(Records drawn from a dataset)
- - -

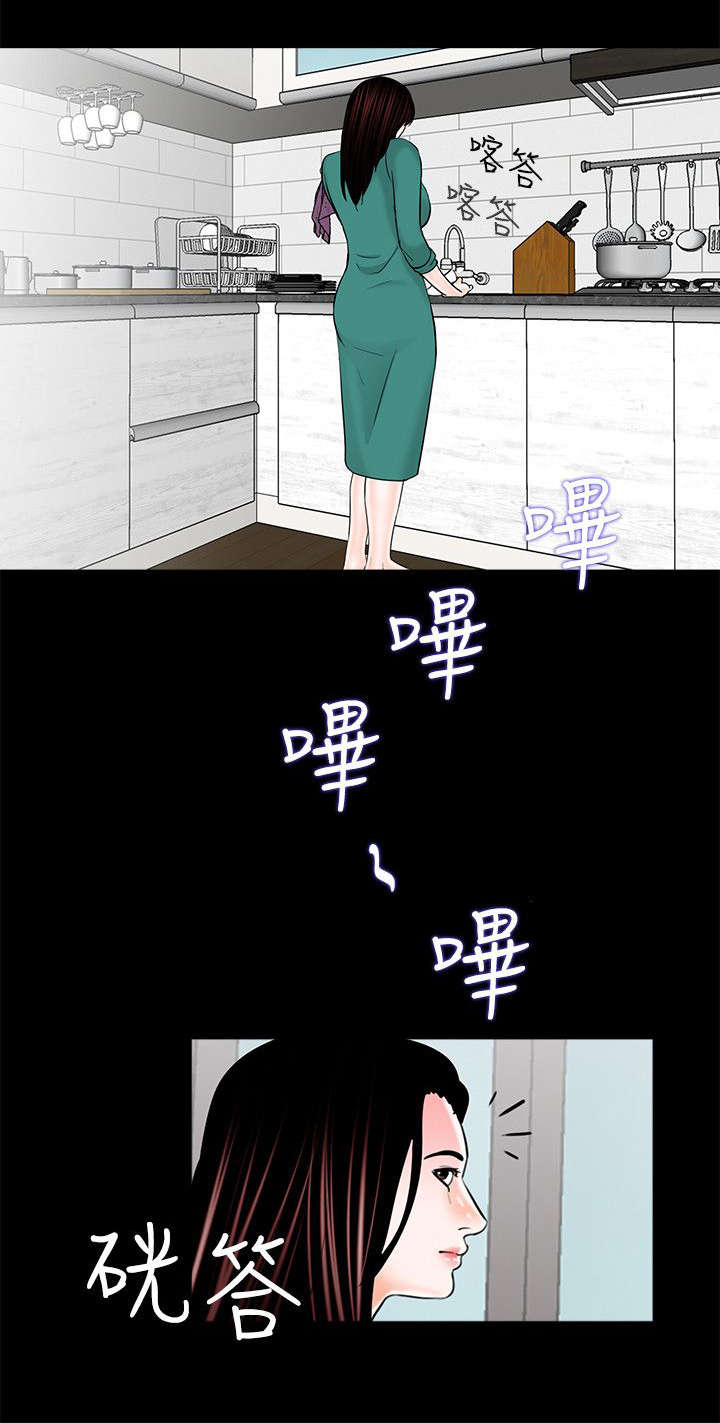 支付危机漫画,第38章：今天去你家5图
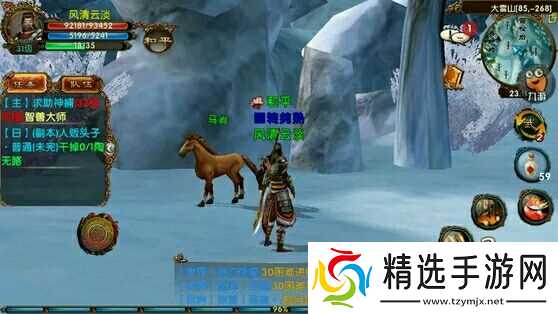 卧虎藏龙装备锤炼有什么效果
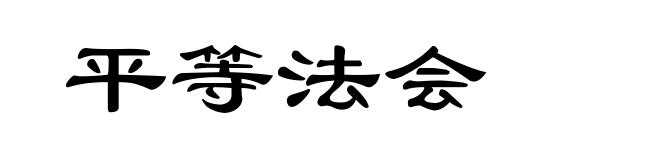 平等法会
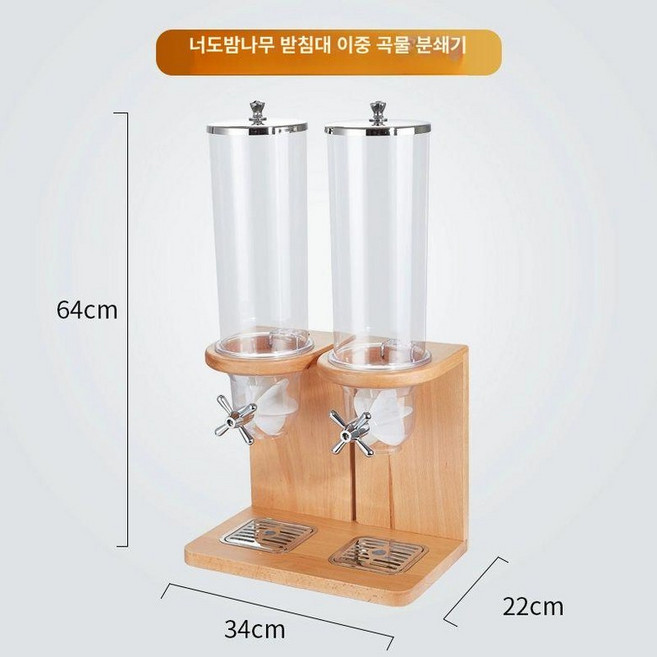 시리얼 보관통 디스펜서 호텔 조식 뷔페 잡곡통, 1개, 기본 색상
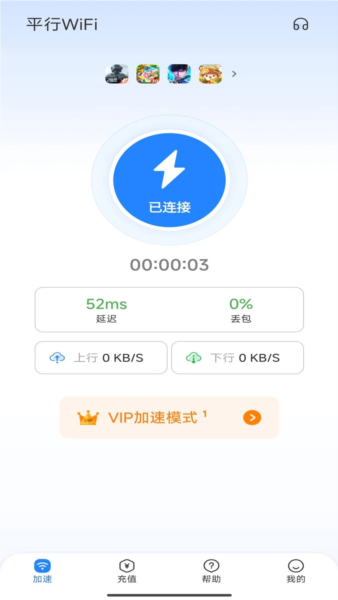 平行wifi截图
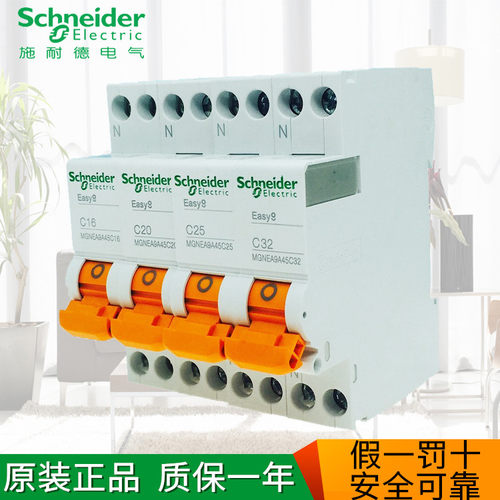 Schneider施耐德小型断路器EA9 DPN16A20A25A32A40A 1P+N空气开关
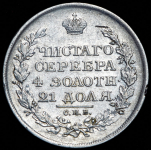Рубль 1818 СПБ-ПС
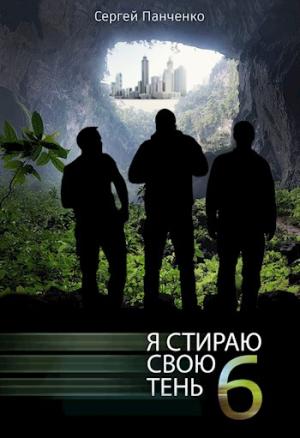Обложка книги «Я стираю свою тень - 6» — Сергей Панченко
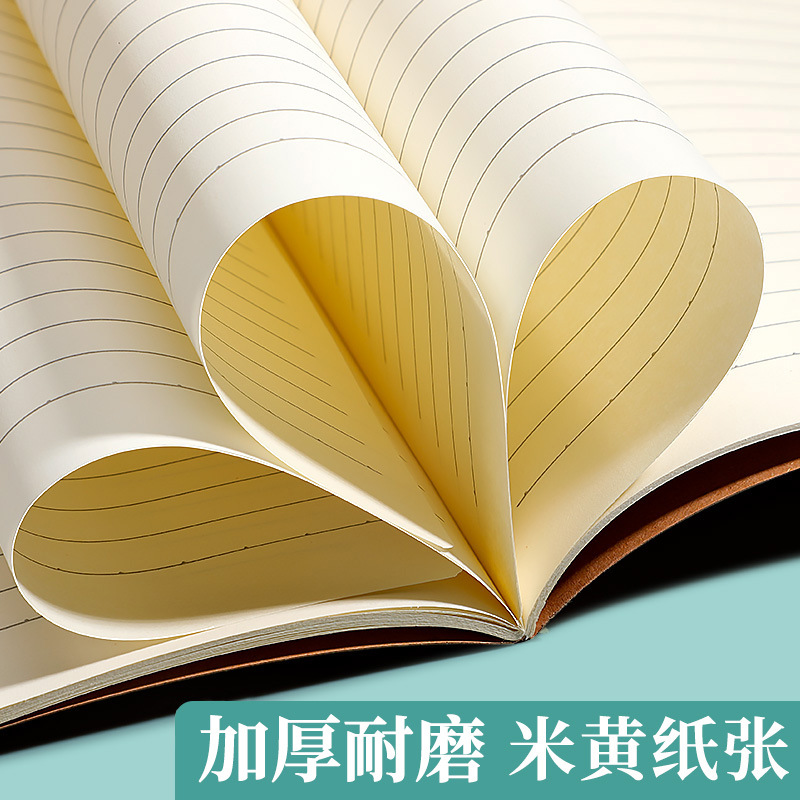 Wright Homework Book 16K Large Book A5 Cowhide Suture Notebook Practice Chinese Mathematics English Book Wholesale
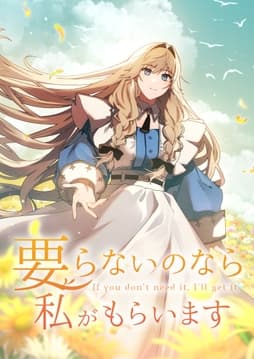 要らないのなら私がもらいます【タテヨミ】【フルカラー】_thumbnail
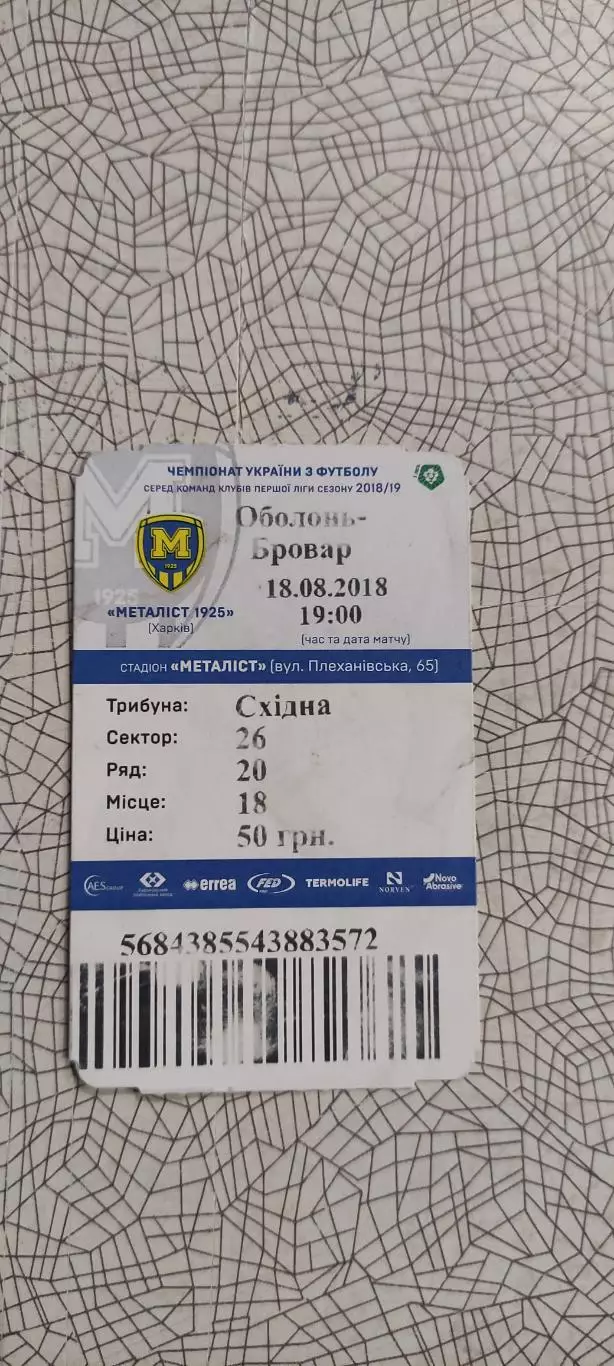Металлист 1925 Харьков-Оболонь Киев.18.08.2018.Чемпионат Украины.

- - -

Restate the data word for word, minus any images.

 支付危机漫画,第38章：今天去你家5图
 卧虎藏龙装备锤炼有什么效果
 平等法会
 시리얼 보관통 디스펜서 호텔 조식 뷔페 잡곡통, 1개, 기본 색상
 平行wifi截图
 Schneider施耐德小型断路器EA9 DPN16A20A25A32A40A 1P+N空气开关
Рубль 1818 СПБ-ПС
Обложка книги «Я стираю свою тень - 6» — Сергей Панченко
 Wright Homework Book 16K Large Book A5 Cowhide Suture Notebook Practice Chinese Mathematics English Book Wholesale
 要らないのなら私がもらいます【タテヨミ】【フルカラー】_thumbnail
Металлист 1925 Харьков-Оболонь Киев.18.08.2018.Чемпионат Украины.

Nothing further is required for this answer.